Alternatively, the sequence between Gag and Pol ORF can contain a small repetitive motif (such as AAAAA) that induces slippage of the ribosome, which then allows the translation of the second ORF by frameshifting (Jin and Bennetzen, 1989; Gao et al., 2003; Kovalchuk et al., 2005). This mechanism, including pseudoknot formation, is very common among plant viruses (Giedroc et al., 2000). Another possible means is the use of a specific and rare transfer RNA (tRNA), causing ribosomal stalling and slippage and allowing entry into the second ORF (reviewed by Hull and Covey, 1995). Despite the seeming logic of two ORFs for the sake of stoichiometric balancing of GAG with the non-structural products, it appears that some plant retrotransposons use the more ‘wasteful’ approach of a single ORF. For example, in BARE-1, there is only one ORF, leading to the synthesis of a single, large polyprotein including GAG and POL, which is later cleaved into functional units. Not only does the DNA sequence not reveal a putative frameshift, but also Western immunoblots probed with anti-GAG antibodies are consistent with a single ORF (Jääskeläinen et al., 1999; Jääskeläinen and Schulman, unpublished data). Post-translational processing of POL (and between GAG and POL for BARE-1) protein is performed endoproteolytically by the AP domain of the POL (Figure 1b; Jääskeläinen et al., 1999).

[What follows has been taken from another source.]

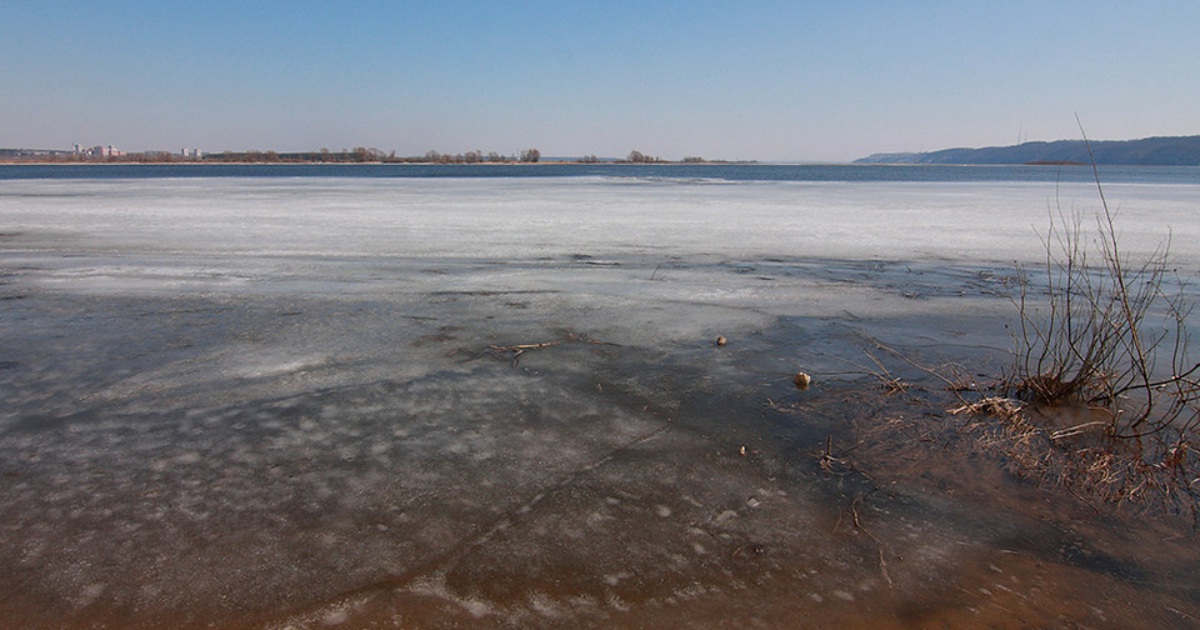 Водохранилище татарстана. Куйбышевское водохранилище Татарстан. Куйбышевское водохранилище зимой. Каратомарское водохранилище. Камское водохранилище зимой.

Nucleocapsid formation, packaging and dimerization

The retroviral GAG protein possesses three functional domains (in many investigated cases, cleaved into separate polypeptides from a GAG precursor), which are shared by the GAG of LTR retrotransposons. These are: the Capsid (polymerization); the Nucleocapsid itself, harboring the Zn-fingers and basic residues (nucleic acid interactions); the Matrix domain (association with the envelope protein; Adamson and Jones, 2004). The GAG of plant LTR retrotransposons appears to contain both the Capsid and Nucleocapsid domains, and possesses relatively little similarity to the Matrix domain (Jääskeläinen et al., 1999 and unpublished data).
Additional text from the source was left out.